Comme s’il fallait justifier cet espoir, quelque 11 minutes après cette déclaration, le Président Harry Truman confirma la reconnaissance d’Israël par les États-Unis ; l’Union soviétique en fit de même trois jours après. Même s’il est certain que c’était pour des raisons différentes, la présence de cette jeune nation sur la scène internationale était assurée par les deux superpuissances émergeantes.

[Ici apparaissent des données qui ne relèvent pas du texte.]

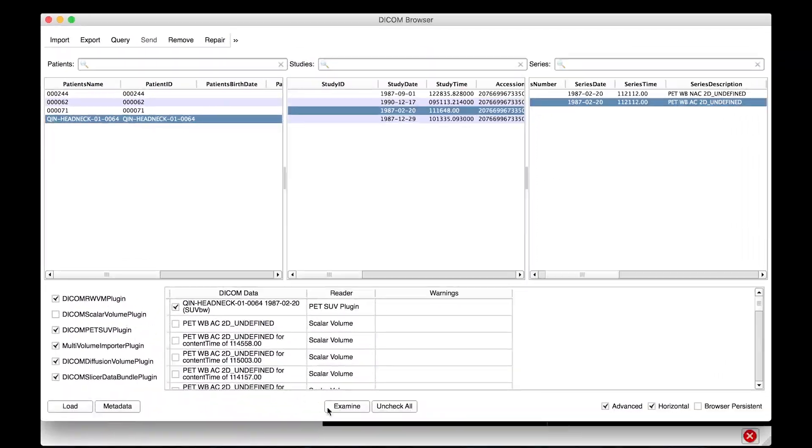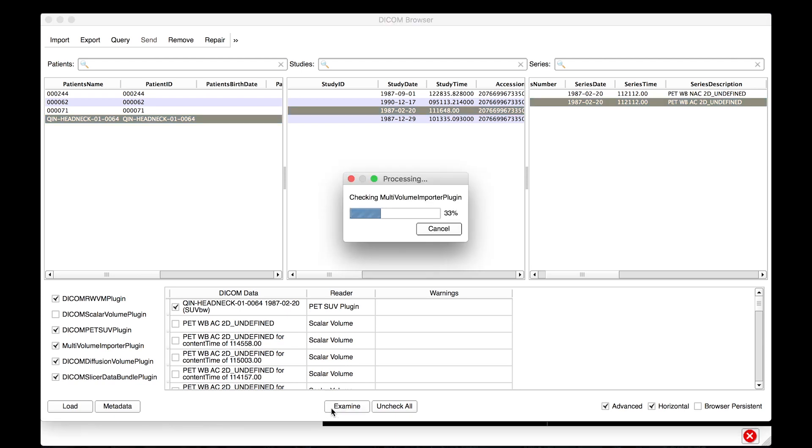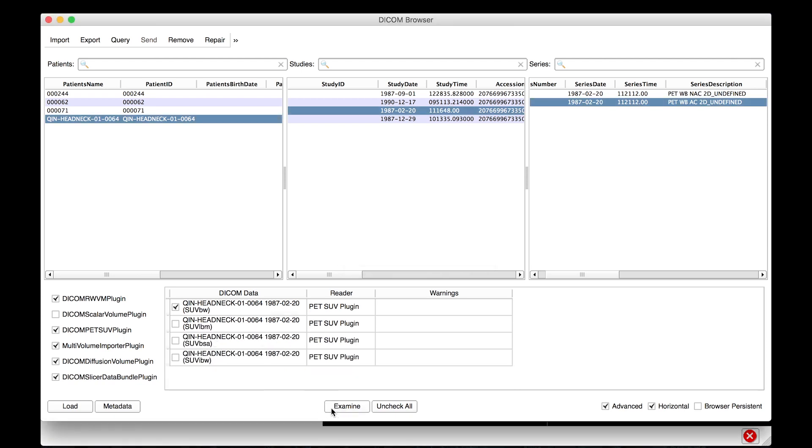By default, the dataset will be loaded as SUV bodyweight normalized dataset. In addition, the tool also supports other SUV normalization variants, like SUV lean body mass, for example. These additional SUV normalization options are only available depending on the information stored in the PET scan's DICOM header.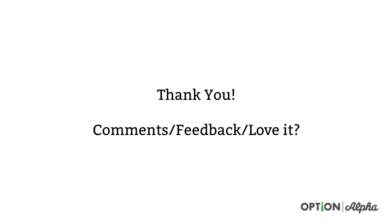So again, thank you guys so much for checking out this video. Hopefully it was helpful. This is definitely a really cool tool that we use here at Option Alpha. So I would appreciate it if you guys would share this video online, help spread the word about what we're trying to do here at Option Alpha. And if you have any comments or feedback, just ask them in the comments section right below. Until next time, happy trading.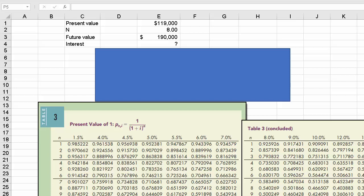Sometimes you have to determine what is the interest rate when you know the present value, the future value, and the number of periods. Now there are different ways to do this.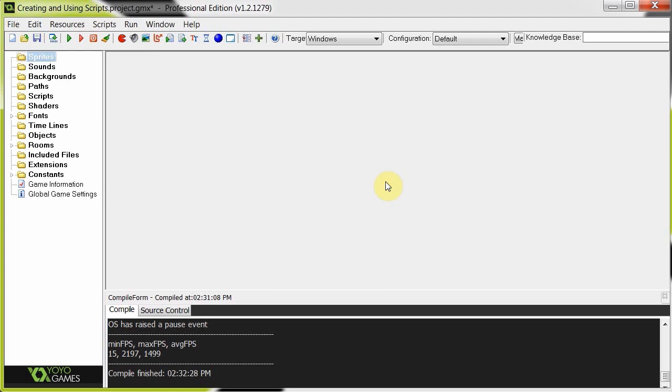So today I'm going to be building this little application that tests the number of words in a string. And it's going to be using the script as if it were a function. So what we're going to do is we're going to create an object and the object just asks the user to input a string. Then it passes, well that object then passes that string to the script. The script then returns the number of words and the object displays to the screen.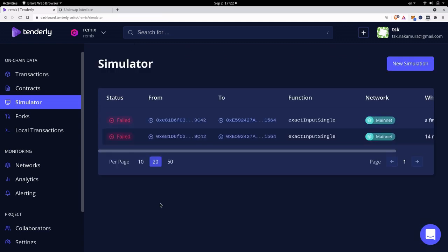Now that was a quick video on how to run a simulation on the main network. I use this feature often to learn about new smart contracts and also to debug transactions. I hope you found this useful and in the next video I'll show you how to debug a transaction. Thanks for watching. See you later.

Mais les 60 années qui se sont écoulées depuis se sont avérées plus difficiles et plus tragiques à la fois pour les Israéliens et les Palestiniens que ce qu’aurait pu s’imaginer Ben Gourion en ces premiers jours grisants de l’État d’Israël.

Résolution cruciale

Les Nations Unies avaient adopté la résolution 181 le 29 novembre 1947, par une majorité de deux tiers (33 contre 13, avec 10 abstentions, dont la Grande-Bretagne). La résolution prévoyait le partage de la Palestine en deux États – l’un juif, l’autre arabe – ayant des intérêts économiques commun et l’internationalisation de Jérusalem. Elle comportait également une disposition selon laquelle, après dix ans, un référendum non contraignant serait organisé parmi les habitants de Jérusalem concernant le futur de la ville. Pour sa part, Ben Gourion était heureux de donner son accord à cette clause en espérant qu’après une décennie, les Juifs aurait plus de facilité à posséder la ville, même si les prévisions démographiques sur la ville n’étaient pas à leur avantage.

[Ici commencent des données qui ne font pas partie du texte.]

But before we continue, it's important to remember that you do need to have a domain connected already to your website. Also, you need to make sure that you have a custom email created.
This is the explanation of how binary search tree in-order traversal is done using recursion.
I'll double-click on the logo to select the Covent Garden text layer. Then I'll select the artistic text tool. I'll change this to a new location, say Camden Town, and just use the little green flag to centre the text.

« Un homme, une femme, un vieillard, un enfant, un bébé sur cent présent dans les foules de Juifs qui dansaient, faisaient la fête, buvaient et pleuraient de joie… [dans] les rues cette nuit-là allait mourir à la guerre que les Arabes allaient déclarer quelque sept heures après la décision de l’Assemblée générale à Lake Success. »

Amos Oz, Une histoire d’amour et de ténèbre

La communauté juive de Palestine (le Yichouv) avait accepté avec joie la décision de l’ONU ; la Ligue arabe l’avait rejetée au nom du peuple palestinien. En octobre 1947 déjà, les armées arabes des pays voisins avaient commencé à se déployer vers les frontières de la Palestine en prévision du vote. En l’espace de sept heures, suite à la décision de l’ONU prise à Lake Success, près de New York, les Palestiniens commencèrent une guerre qui allait durer par intermittence plus d’un an. L’ambassadeur israélien aux Nations Unies, Abba Eban, écrira plus tard : « La période allant de décembre 1947 à avril 1948 fut l’une des périodes les plus périlleuses de l’histoire juive. » Malheureusement, l’ONU, récemment créée, n’avait aucun moyen pour veiller à l’application de ses décisions, et les Anglais, s’étant abstenu lors du vote, refusèrent de trop s’impliquer alors qu’ils étaient en train de quitter leur rôle de mandataire.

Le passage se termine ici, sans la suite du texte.